» **Task directions**
Search the records for the string "great" and return each line that has it.

» **Information shown**
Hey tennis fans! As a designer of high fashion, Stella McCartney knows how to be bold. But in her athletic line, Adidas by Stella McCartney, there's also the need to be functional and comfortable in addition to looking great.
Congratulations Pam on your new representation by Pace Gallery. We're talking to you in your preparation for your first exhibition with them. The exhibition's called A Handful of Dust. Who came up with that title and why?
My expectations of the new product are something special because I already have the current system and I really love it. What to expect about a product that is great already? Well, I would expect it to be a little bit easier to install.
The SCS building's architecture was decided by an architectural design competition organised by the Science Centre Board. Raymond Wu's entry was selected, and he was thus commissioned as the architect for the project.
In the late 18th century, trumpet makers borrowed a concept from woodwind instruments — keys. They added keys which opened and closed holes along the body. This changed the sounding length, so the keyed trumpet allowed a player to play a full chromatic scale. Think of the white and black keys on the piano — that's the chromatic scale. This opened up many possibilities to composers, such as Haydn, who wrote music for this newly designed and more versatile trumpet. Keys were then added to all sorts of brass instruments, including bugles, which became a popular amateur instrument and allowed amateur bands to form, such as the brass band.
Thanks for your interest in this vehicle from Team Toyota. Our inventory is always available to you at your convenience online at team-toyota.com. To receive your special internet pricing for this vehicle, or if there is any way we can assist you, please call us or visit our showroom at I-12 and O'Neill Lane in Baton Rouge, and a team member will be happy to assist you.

--

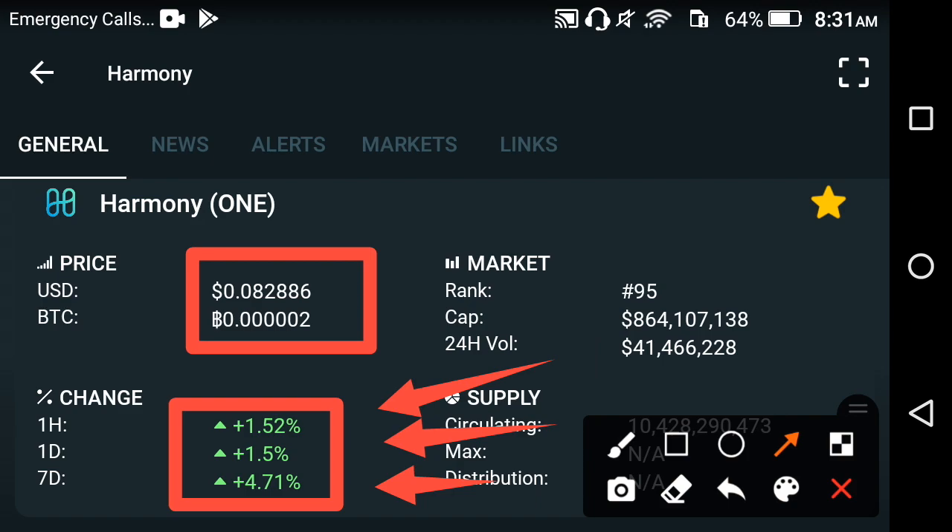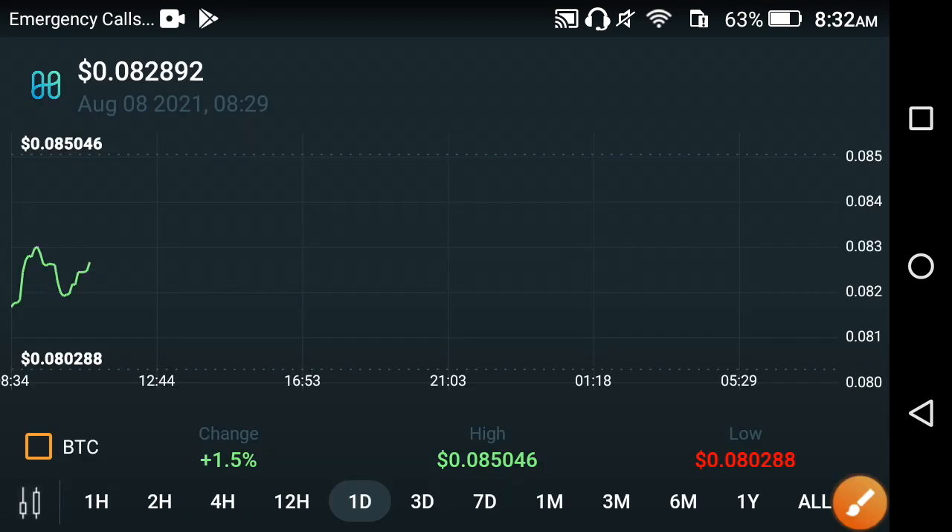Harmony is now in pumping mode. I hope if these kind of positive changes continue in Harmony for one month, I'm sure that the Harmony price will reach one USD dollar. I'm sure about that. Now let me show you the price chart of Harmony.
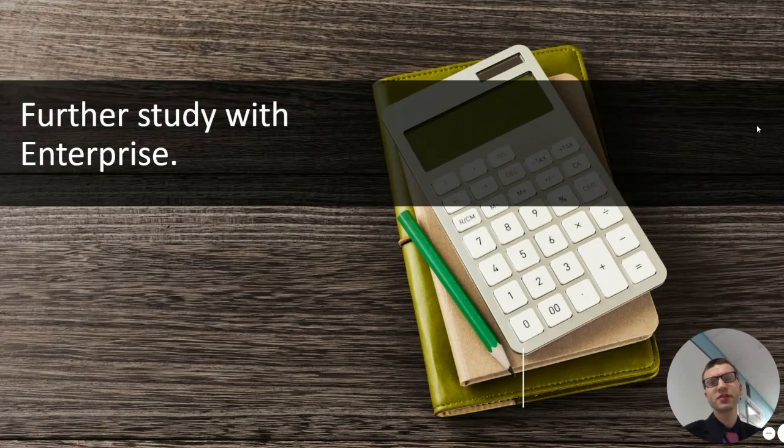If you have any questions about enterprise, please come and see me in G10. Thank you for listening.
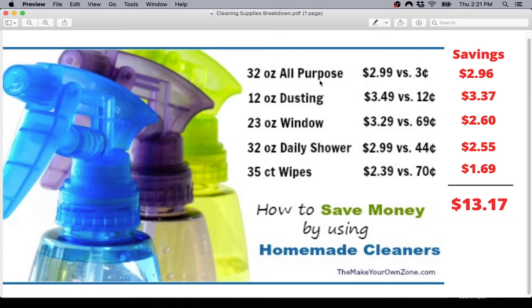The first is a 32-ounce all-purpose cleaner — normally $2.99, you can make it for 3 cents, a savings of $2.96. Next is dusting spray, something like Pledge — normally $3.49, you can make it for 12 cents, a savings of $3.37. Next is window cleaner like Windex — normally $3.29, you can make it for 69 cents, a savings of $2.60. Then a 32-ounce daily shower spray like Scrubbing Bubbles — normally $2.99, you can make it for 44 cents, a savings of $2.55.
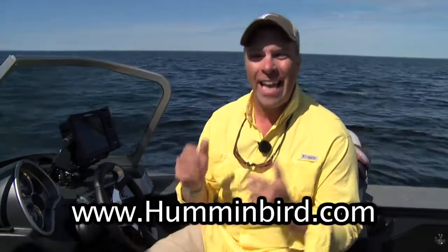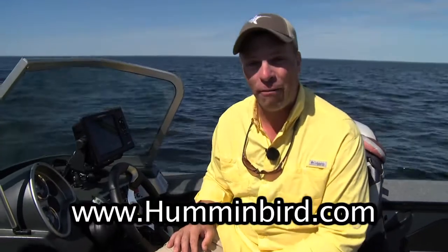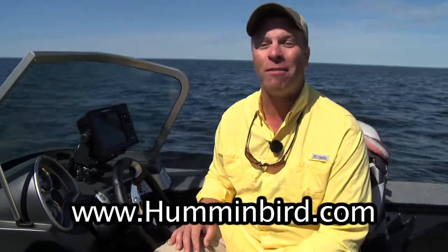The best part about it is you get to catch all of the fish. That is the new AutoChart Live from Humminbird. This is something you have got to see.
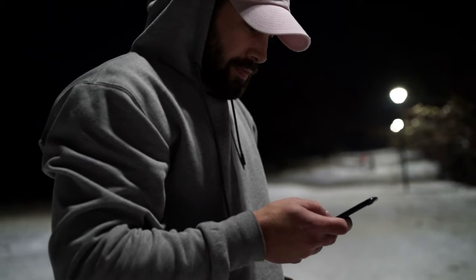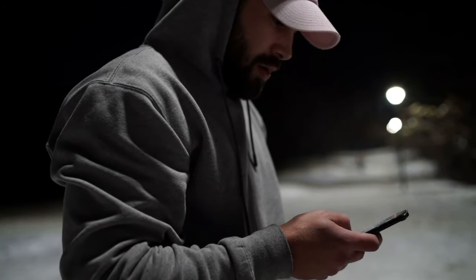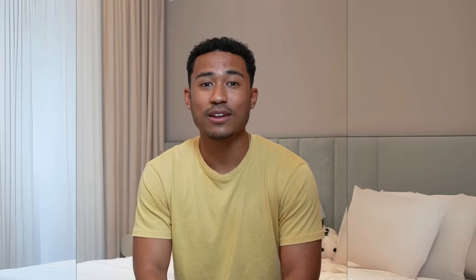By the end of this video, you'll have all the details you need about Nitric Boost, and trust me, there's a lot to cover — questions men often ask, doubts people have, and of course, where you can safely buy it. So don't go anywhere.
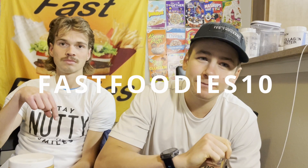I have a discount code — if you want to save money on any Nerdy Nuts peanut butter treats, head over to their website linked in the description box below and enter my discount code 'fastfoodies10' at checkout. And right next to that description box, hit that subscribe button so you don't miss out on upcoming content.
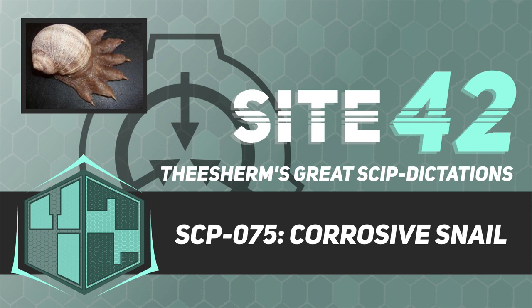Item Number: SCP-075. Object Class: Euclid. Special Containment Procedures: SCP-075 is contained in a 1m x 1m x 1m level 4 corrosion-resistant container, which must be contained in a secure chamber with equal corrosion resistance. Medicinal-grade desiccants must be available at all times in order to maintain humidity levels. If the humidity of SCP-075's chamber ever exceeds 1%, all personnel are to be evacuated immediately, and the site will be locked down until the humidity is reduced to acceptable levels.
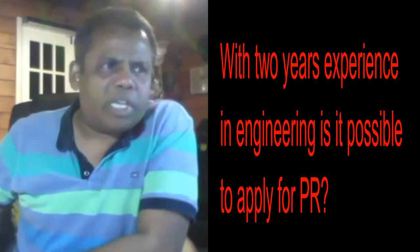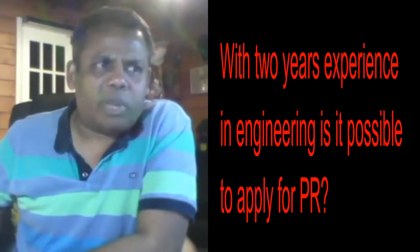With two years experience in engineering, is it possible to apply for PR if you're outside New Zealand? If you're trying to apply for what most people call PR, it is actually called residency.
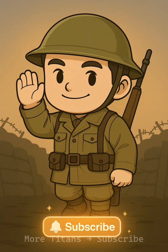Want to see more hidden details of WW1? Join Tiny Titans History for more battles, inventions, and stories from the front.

--

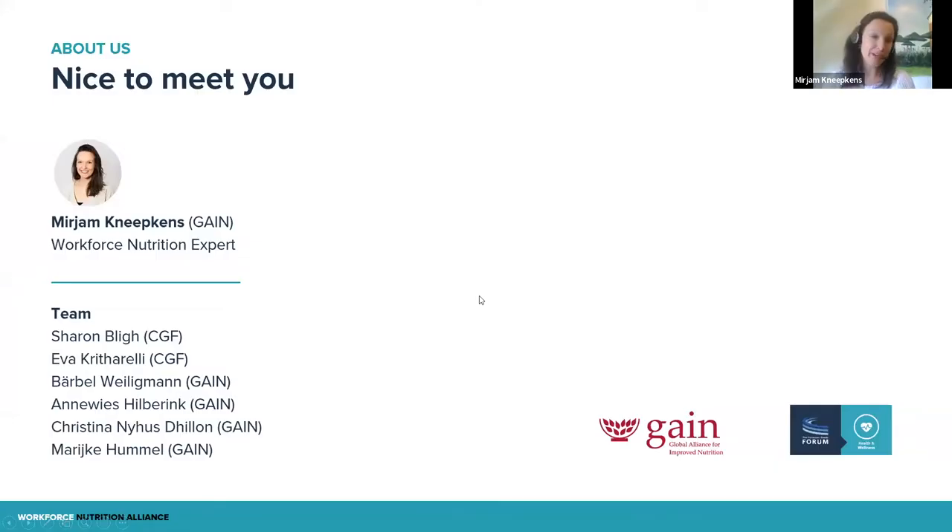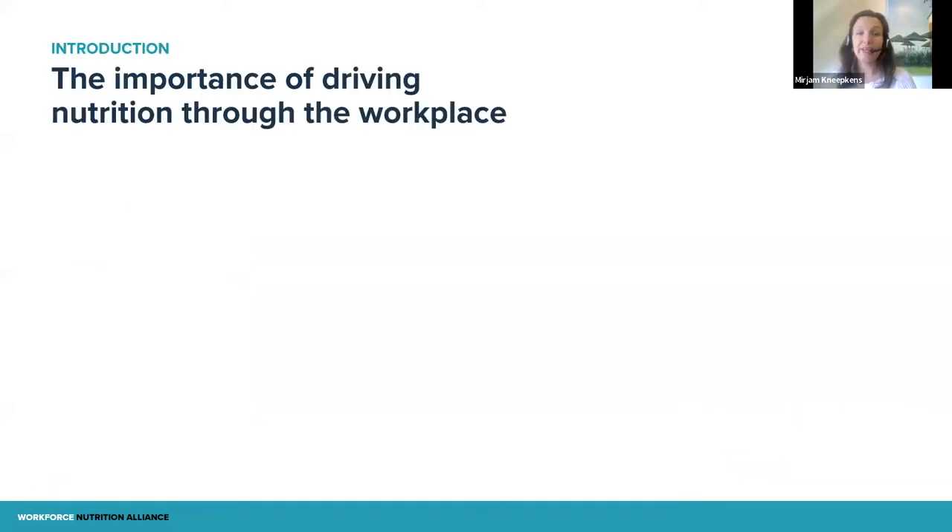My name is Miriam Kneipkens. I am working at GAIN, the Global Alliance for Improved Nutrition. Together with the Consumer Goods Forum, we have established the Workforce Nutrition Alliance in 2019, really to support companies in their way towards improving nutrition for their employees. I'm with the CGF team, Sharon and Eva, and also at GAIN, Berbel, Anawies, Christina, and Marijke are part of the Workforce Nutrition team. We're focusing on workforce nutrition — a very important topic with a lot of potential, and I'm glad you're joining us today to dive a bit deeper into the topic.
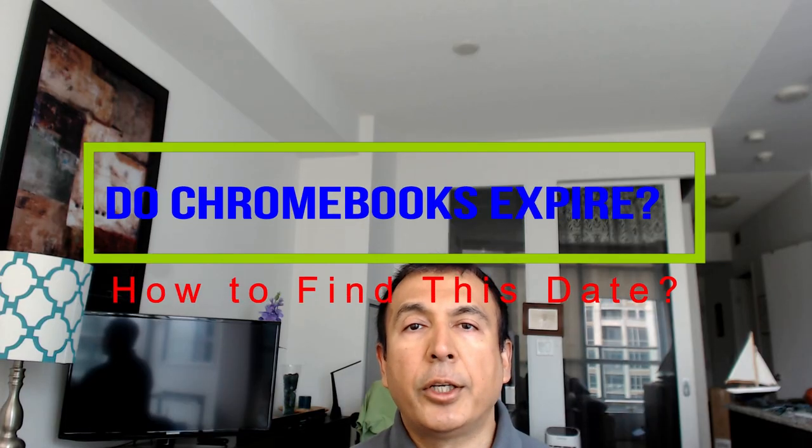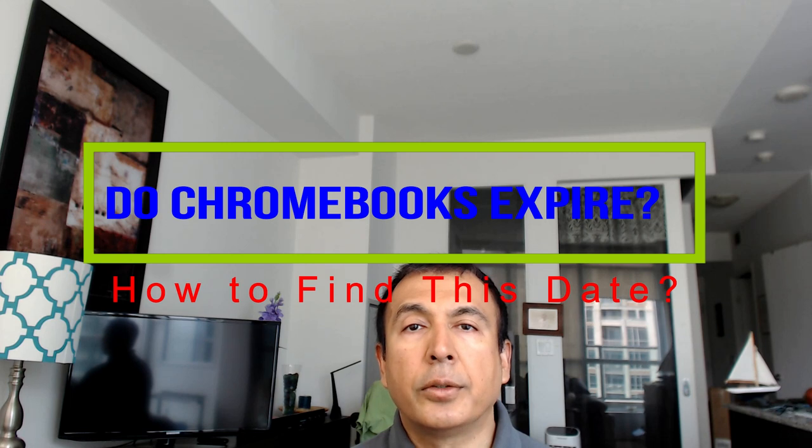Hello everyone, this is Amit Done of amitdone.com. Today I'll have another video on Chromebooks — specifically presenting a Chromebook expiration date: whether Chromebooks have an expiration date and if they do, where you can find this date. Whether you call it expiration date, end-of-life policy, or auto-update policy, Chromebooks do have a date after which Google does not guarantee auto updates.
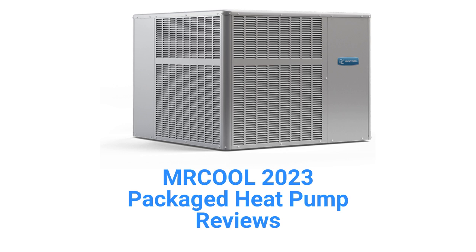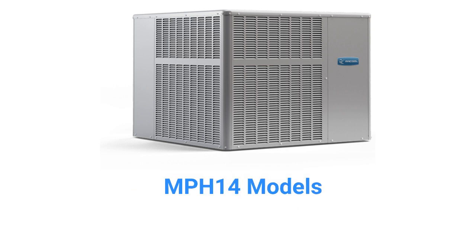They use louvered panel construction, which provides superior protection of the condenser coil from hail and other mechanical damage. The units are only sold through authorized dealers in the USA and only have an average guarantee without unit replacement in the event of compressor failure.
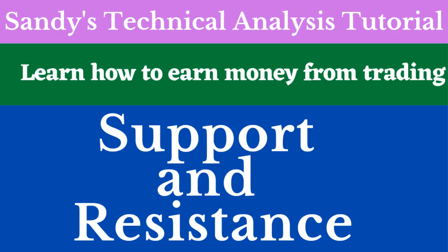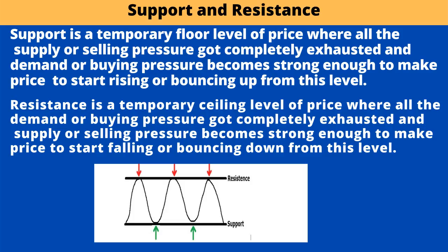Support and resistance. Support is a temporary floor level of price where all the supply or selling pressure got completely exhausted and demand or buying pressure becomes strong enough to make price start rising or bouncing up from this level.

» **Task answer**
Hey tennis fans! As a designer of high fashion, Stella McCartney knows how to be bold. But in her athletic line, Adidas by Stella McCartney, there's also the need to be functional and comfortable in addition to looking great.
My expectations of the new product are something special because I already have the current system and I really love it. What to expect about a product that is great already? Well, I would expect it to be a little bit easier to install.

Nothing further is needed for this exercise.